Pensava eu ter de aguentar a costumeira conversa sobre o
tempo que fazia… Mas enganei-me, pois o motorista
falou-me da sua infância no Nordeste. Contou-me
histórias de fome e abandono. Sendo o mais velho de dez
irmãos, foi empurrado, bem precocemente, da escola para
o trabalho duro. Já adulto, aprendeu a ler, tirando
dúvidas com os que partilhavam o jornal do botequim do
bairro. Até aqui, nada de novo, se pensarmos ser esta
história igual a tantas outras histórias de exclusão de
negros, de negros quase-brancos e de brancos
quase-negros… Mas o melhor estava para vir. A certa
altura do monólogo, parámos nuns semáforos. Um bando de
meninos de rua mostrava habilidades malabaristas. O
motorista comentou, num brasileiro que adapto para
português de Portugal, com prejuízo da perda do ritmo e
da doçura da fala:
- “Veja o senhor ao que chegou este país! Estes meninos
não deveriam estar na escola?”
Compreendi que aquela era uma pergunta retórica, pois
nem sequer tive tempo para ensaiar a resposta.
– “Mas eu imagino que tenham razões para não ir. E
acredite que não será só por necessidade. Eles não
gostam mesmo de ir à escola. A escola não lhes diz nada.
Eu sei que é assim, porque o mesmo se passou comigo.
Quando era da idade deles, empurraram-me para fora da
escola. Mas eu também quis sair. Aprendi a ler por
necessidade. Não foi a escola que me ensinou”.
Assenti com um aceno a que não deu atenção. E foi
enunciando autores seus preferidos. Gosto eclético, que
ia da literatura de cordel aos clássicos. Até que atirou
nova pergunta retórica:
- “O senhor sabe o que faz a minha mulher?... É
professora! Quando nos casámos, ela já tinha estudos,
mas quis tirar um curso. Só tinha um problema: não
gostava de ler. E eu fiz um trato com ela. Ela passava a
fazer as contas do meu serviço e eu ajudava-a a tirar o
curso”.
Eu ia perguntar como tinha sido concretizado o contrato,
mas não foi preciso, que a resposta sem pergunta veio de
imediato:
- “A minha mulher trazia livros para eu ler. À noite, eu
lia. E explicava à minha mulher o que vinha nos livros.

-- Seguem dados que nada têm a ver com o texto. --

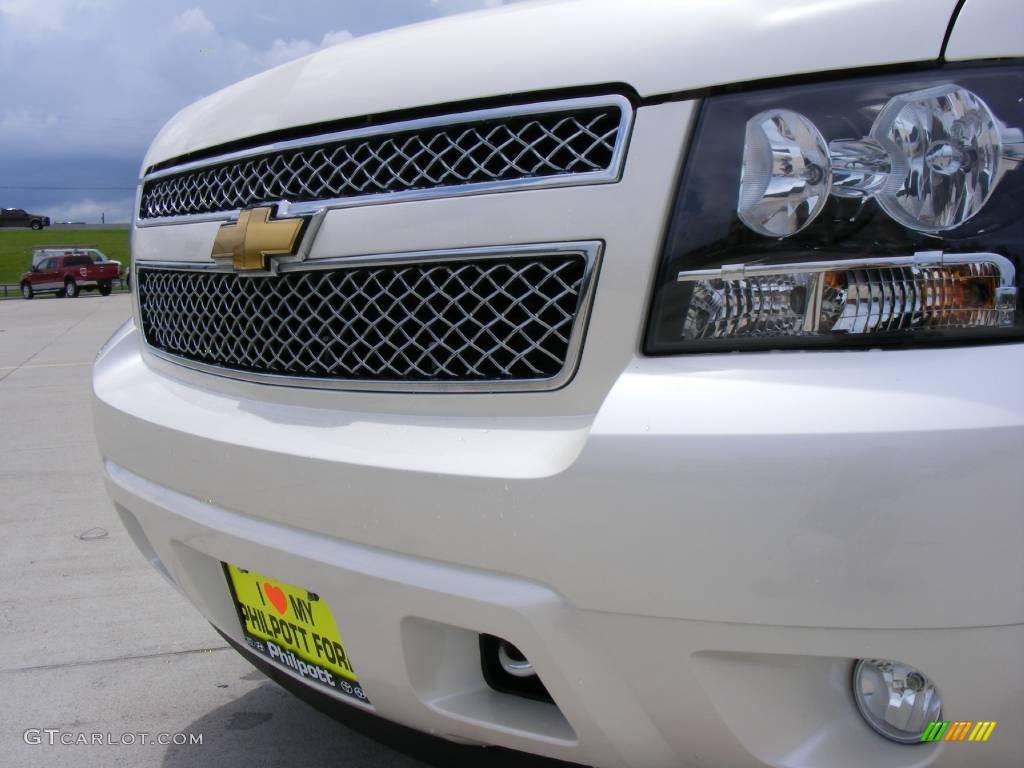 2008 Suburban 1500 LTZ - White Diamond Tricoat / Light Cashmere/Ebony photo #13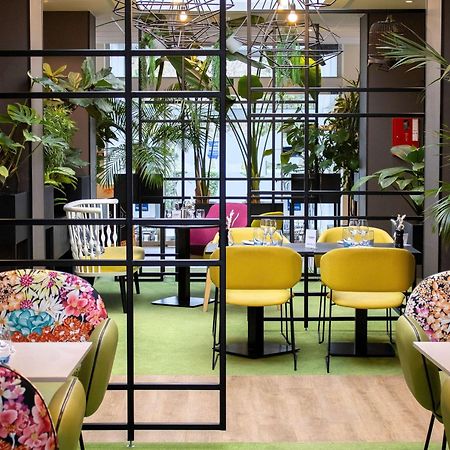 Hotel Novotel Evry Courcouronnes Екстер'єр фото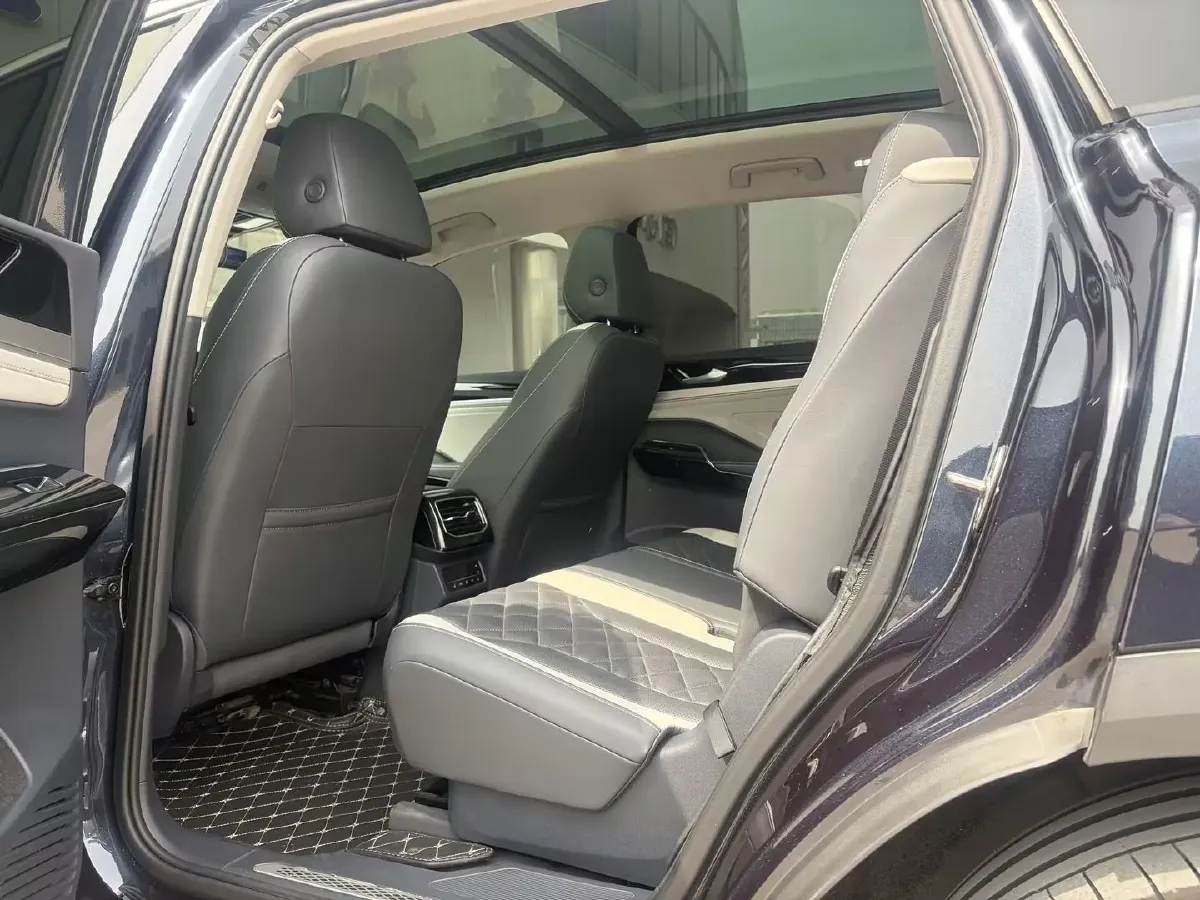 2022 Volkswagen ID.6 Crozz BEV 84.8KWH,autocango,china used car exporter,china ev exporter,chinese used car exporter,chinese used ev exporter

Ela fazia as provas e ficava aprovada. E, assim, fez o
curso de professora”.
Esbocei um sorriso, entre o espanto e a admiração. E ele
reatou a conversa, falando de autores que havia lido:
Freinet, Montessori, Dewey, Piaget... E rematou a
conversa, por estarmos a chegar ao nosso destino:
- “Para o senhor deve ser difícil compreender o que lhe
vou dizer, porque são assuntos da Pedagogia, da
Educação… compreende?”
Não retorqui, e ele concluiu, dizendo:
- “Quando li os livros do Paulo Freire, que é um
educador do meu país de que o senhor talvez já tenha
ouvido falar, é que eu entendi o mal que algumas escolas
fazem a certas crianças. E até me deu vontade de
chorar”.
Talvez nunca aquele motorista venha a saber o quanto me
comoveu a sua história. Talvez nunca possa
manifestar-lhe a minha gratidão, porque não o pude
fazer, naquele momento. O nó que eu senti na garganta
ameaçava desatar-se…
No decurso das nossas vidas, há dias assim, prodigiosos.

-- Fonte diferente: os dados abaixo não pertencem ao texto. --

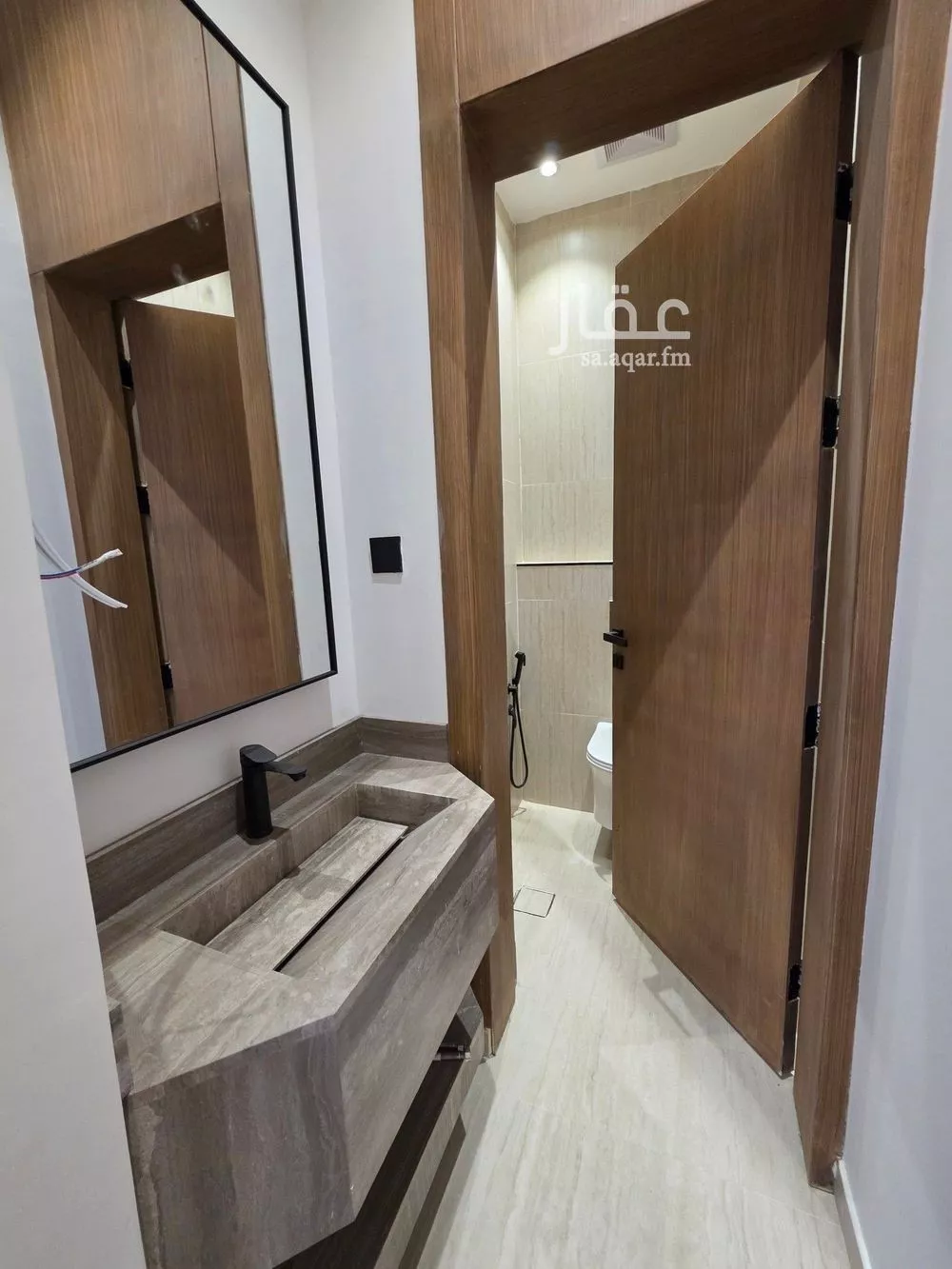 6 bedroom floor in Al Rimal 6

Acabo de receber uma chamada telefónica. Seria idêntica
a muitas outras, um convite para fazer uma palestra
sobre a Ponte. Mas a minha memória acendeu-se, ao
escutar o nome da pessoa que me falava do outro lado da
linha. Ousei perguntar se seria filha ou familiar da
professora Isabel Pires. A minha interlocutora respondeu
que era ela mesma, a Isabel em pessoa. Na década de 70,
sem que a Isabel o soubesse, foi uma sua obra que
iluminou os caminhos da aprendizagem da matemática de
muitas gerações de alunos da Ponte.
Encontrei a Konstance Kamii, professora do Alabama, num
aeroporto estrangeiro, quando regressava de um
congresso, onde (coincidência?) fui falar da Ponte. E
agradeci-lhe um contributo que ela ignorava ter dado.
Foram os seus estudos sobre autonomia, a partir dos
contributos de Piaget, que sustentaram o quanto basta de
teoria, nos primeiros tempos do nosso projecto.
Volvidos trinta anos, quando a barca de sonhos chega ao
seu primeiro porto e se apronta para nova viagem, começo
a coabitar com um Mistério a que não dou nome. Há algo
cuja existência a minha razão sempre rejeitou. Os
projectos (conhecidos ou ainda anónimos), que visam
resgatar a vocação da Escola, não seguem sempre rumos
paralelos. Súbitos reencontros nos mostram que esses
projectos também se alimentam de ocultas solidariedades.